A Simple Mindset Shift To Calm Anxious Thoughts

Do you ever get a sudden knot in your stomach for seemingly no reason and your mind starts to focus on all of the negative things that it possibly can? That is exactly what it feels like when I’m anxious.


Despite being a generally go-with-the flow, calm and collected type of person on the outside, I get anxious quite often. I get anxious because my own mind starts to sabotage me. I get anxious when I start to feel like I’m not in control. I get anxious when I can’t tell what a person thinks of me even though I know I shouldn’t care.


If you often feel anxious or find yourself overcome with worry, try this simple mindset shift to help you feel a little calmer.


I don’t know about you, but anxiety hits me right in the stomach & I tend to get VERY lightheaded. I get a giant knot that feels like an anchor weighing me down. I can just be going about my business at work, feeling pretty content with life, and then all of a sudden a negative thought creeps into my head and BAM – there’s that knot.


Isn’t it funny how things that happen in the mind can show up as physical feelings?


And as soon as this anxiety creeps in, it consumes you. I usually have a million thoughts going on in my head, but when I’m anxious, I become so single-minded. I can’t be productive. All I can do is dwell on the issue and watch as the time slowly creeps by.

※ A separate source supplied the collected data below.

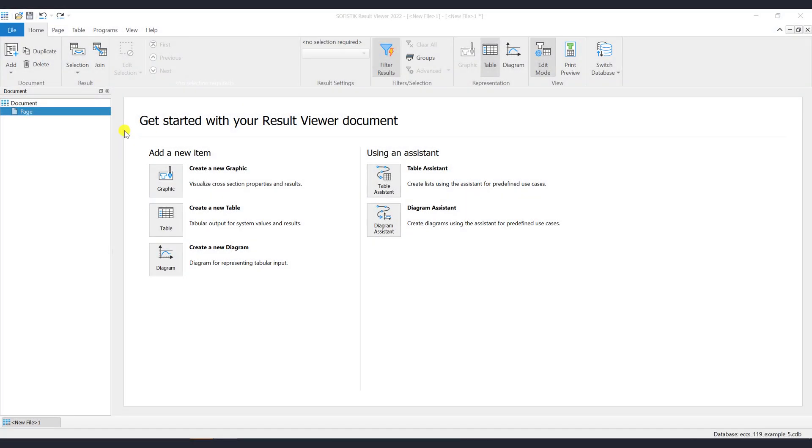Welcome to the Sophistic Result Viewer documentation. In this video we will show how you can create and manage the table item. For this purpose the Result Viewer Standalone application will be used.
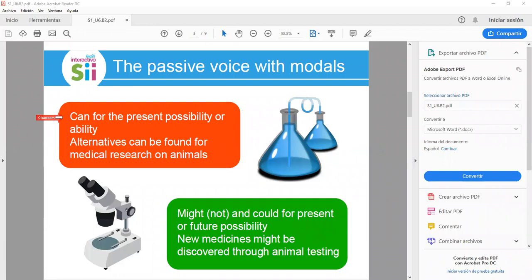Example: 'Alternatives can be found for medical research on animals.' Remember that when we use the passive voice, we have first the object, then the verb 'to be' in the required form, then the main verb in past participle, followed by the complement, and the subject if necessary.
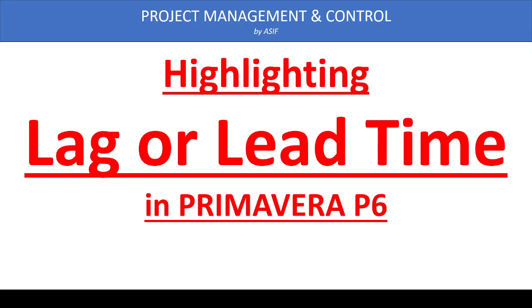Hello everyone and welcome to my channel. In this video tutorial I am demonstrating how we can determine which activities are assigned with lag and lead time. First we will see what lag or lead time is.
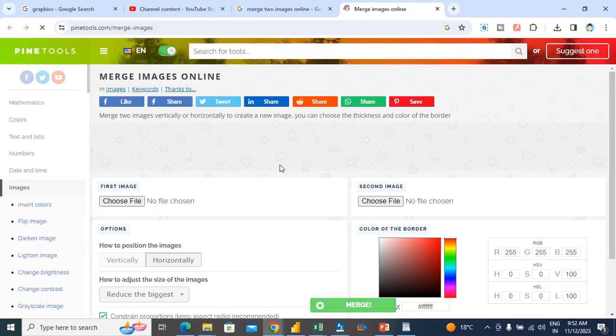Hello friends! In today's video, we will see how two images combine together.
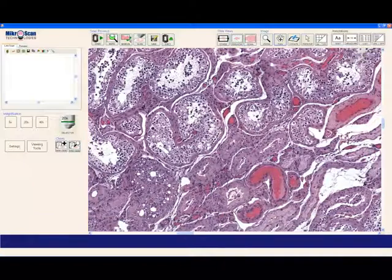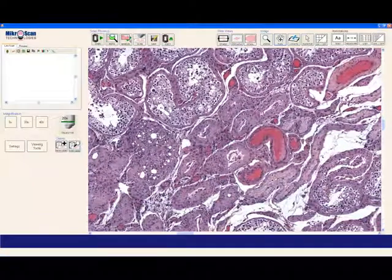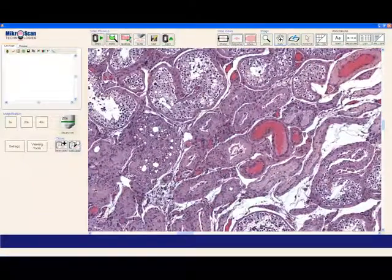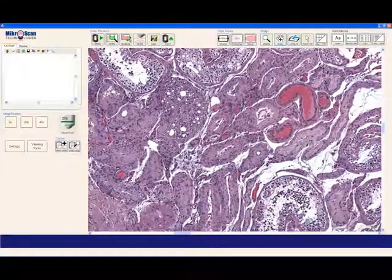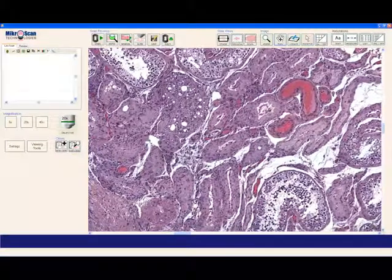To see more than the current field, you'll want to use the Pan tool, which allows you to traverse the entire image if necessary.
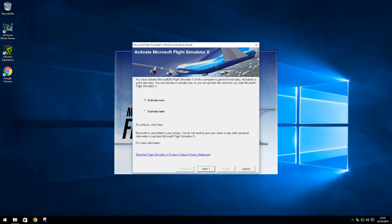Step 6. You will then be asked if you wish to activate your version of FSX now or later. Hit Activate Now.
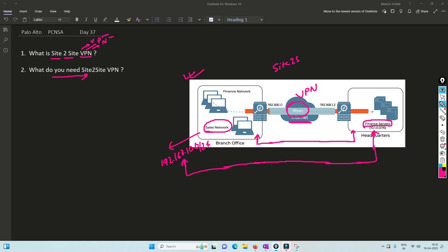If this private range wants to communicate with another private range over the public internet, we will be creating a VPN tunnel so that both private networks can communicate. Site-to-site VPN is basically when you want to connect one site that is geographically separated — say one is in the US and another is in London — communicating through a tunnel over the public internet, creating a virtual network. That is called site-to-site VPN.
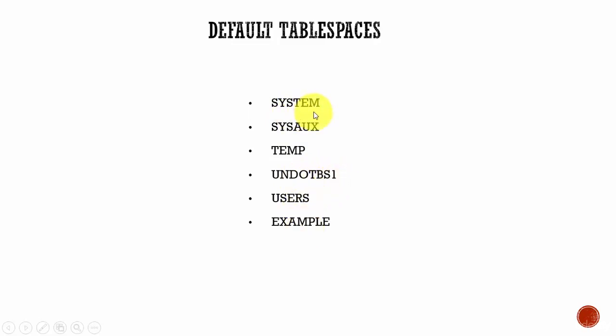The system tablespace is used by the Oracle server to manage the database. It contains the data dictionary and tables that contain the administrative information about the database. Not all users can have access to this system tablespace. You cannot rename or drop a system tablespace or even take the system tablespace offline.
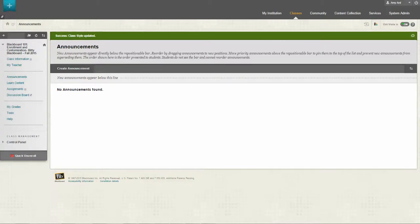In this video tutorial you will learn how to change your class theme for your Blackboard course. There are two ways to change your class theme.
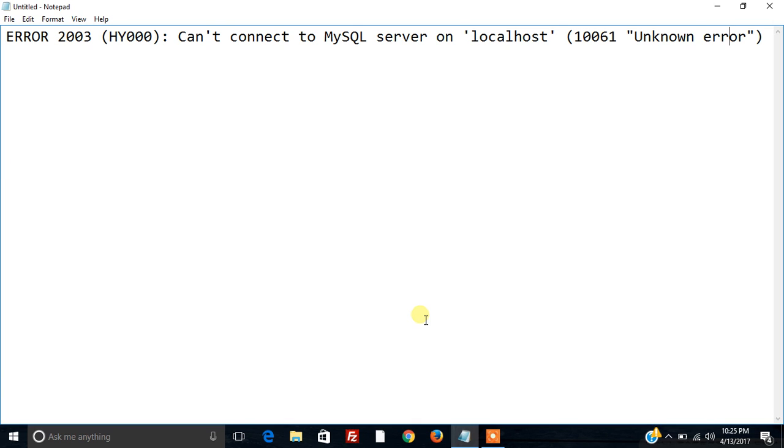Hello friends, I am Rajesh Doshi and today we are going to see how to remove the error can't connect to MySQL server on localhost.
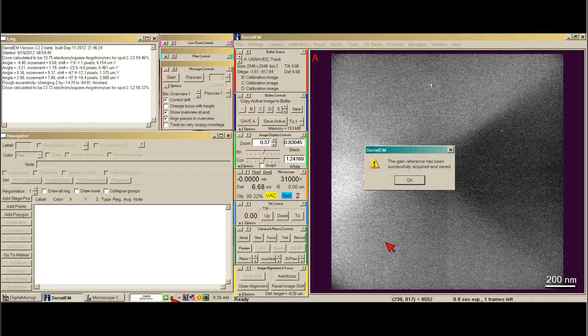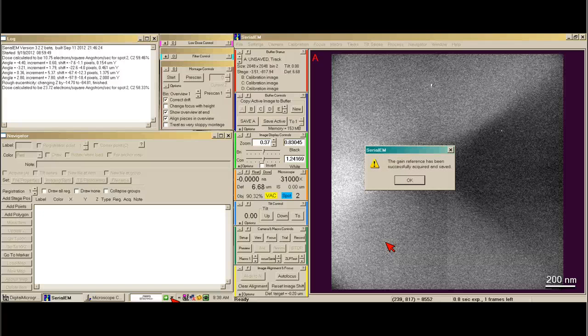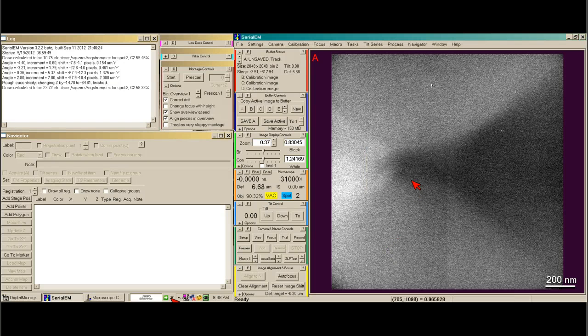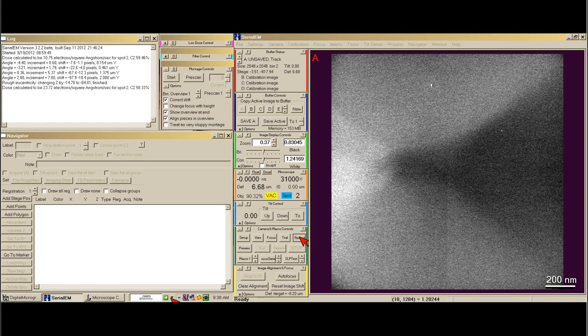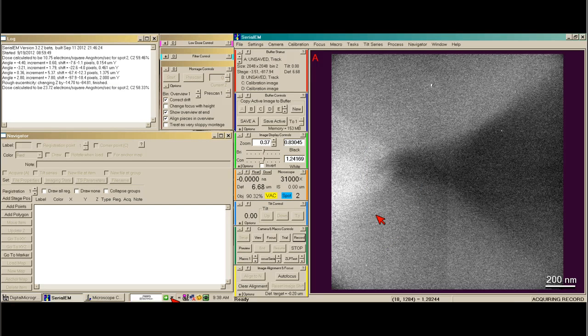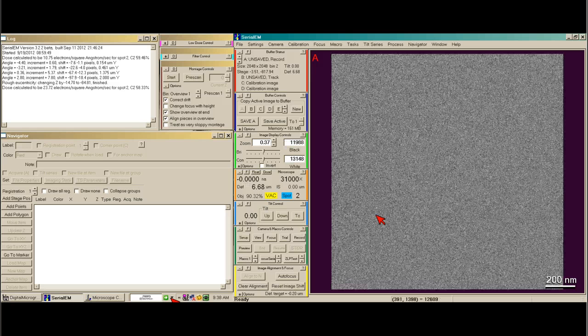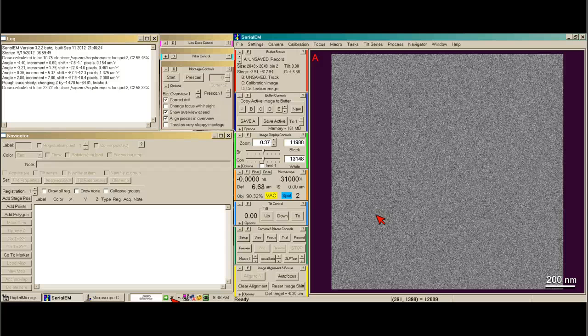Okay, now that the gain reference is finished, we can just say OK. And I often just take a single record image to see how my image looks to make sure I have a nice gray background.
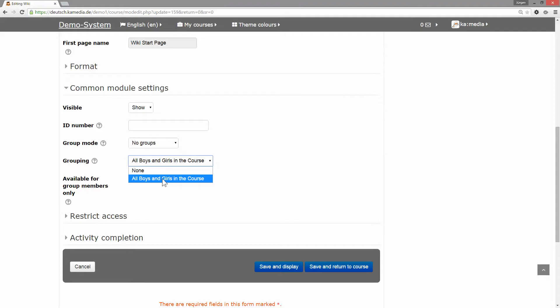It's 'all boys and girls in the course,' which is a grouping that contains a group with all boys in the course and a group with all girls in the course. We check the new feature 'available for group members only.'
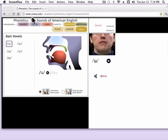We're back at the University of Iowa Phonetics website, and we're going to look at the back vowel sounds.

There was a time when I let this happen for months until I finally reached a point where I was tired of having my day disrupted by these ultimately useless feelings. I wanted to get to get to the root of the problem or at least find a way to deal with my feelings more productively.


In an attempt to calm myself down, I started keeping a log of my emotions throughout the day.

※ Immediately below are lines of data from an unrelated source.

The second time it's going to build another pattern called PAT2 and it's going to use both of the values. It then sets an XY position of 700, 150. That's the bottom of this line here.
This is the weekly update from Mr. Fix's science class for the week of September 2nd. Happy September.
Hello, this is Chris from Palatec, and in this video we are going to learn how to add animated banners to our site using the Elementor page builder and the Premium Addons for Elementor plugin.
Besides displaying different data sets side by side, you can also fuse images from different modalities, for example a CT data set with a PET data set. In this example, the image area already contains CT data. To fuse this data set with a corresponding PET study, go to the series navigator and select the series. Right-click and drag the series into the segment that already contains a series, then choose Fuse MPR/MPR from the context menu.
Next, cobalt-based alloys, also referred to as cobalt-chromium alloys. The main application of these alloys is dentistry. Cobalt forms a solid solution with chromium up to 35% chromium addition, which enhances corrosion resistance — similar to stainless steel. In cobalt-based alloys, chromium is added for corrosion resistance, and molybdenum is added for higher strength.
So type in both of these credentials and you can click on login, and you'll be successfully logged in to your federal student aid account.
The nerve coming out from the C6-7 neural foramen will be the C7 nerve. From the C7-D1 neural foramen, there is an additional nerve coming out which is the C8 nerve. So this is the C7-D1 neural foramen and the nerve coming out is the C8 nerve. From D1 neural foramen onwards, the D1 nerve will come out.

I wanted to see if certain times of the day were worse for any particular reason and if something was causing these feelings that I hadn’t noticed before. Here’s a sneak peak of what went down one day:


9:30am  – Feeling content

11:30am  – Feeling anxious

1:00pm – Feeling on top of the world

3:30pm –  Feeling anxious


As soon as I started logging my feelings, I became profoundly aware of one thing:




I was feeling content at one point in time, then a wave of dread came rolling in. Just as quickly as it came, it went away. The fact that I could clearly see that this wasn’t a permanent state was huge for me.

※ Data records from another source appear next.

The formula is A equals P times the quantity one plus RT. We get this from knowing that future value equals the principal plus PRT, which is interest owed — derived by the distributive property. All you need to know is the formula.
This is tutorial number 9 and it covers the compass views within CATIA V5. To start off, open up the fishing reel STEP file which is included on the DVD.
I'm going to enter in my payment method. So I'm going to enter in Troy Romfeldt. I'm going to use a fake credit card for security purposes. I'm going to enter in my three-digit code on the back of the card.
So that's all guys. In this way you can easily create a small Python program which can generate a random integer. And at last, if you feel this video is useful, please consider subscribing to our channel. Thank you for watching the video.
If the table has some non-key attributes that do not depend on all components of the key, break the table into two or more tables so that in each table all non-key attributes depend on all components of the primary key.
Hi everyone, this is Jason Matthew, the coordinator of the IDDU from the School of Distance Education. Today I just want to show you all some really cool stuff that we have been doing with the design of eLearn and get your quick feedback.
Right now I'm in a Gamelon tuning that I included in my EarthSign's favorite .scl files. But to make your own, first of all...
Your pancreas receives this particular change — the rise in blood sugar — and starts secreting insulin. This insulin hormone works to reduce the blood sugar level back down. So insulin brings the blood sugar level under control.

Often when I’m anxious, it’s because I’m thinking too far ahead in the future. I’m assuming that whatever situation I’m in right now is going to last forever. There’s this air of urgency. Like everything needs to be figured out right now.


Sometimes I have to remind myself that emotions, thoughts, and situations aren’t permanent. When I actually let this sink in, I realized that even if I experience anxiety in the future (which was undoubtedly going to happen), it wouldn’t be a permanent thing.


I began to feel free knowing that this feeling wasn’t going to stay with me forever.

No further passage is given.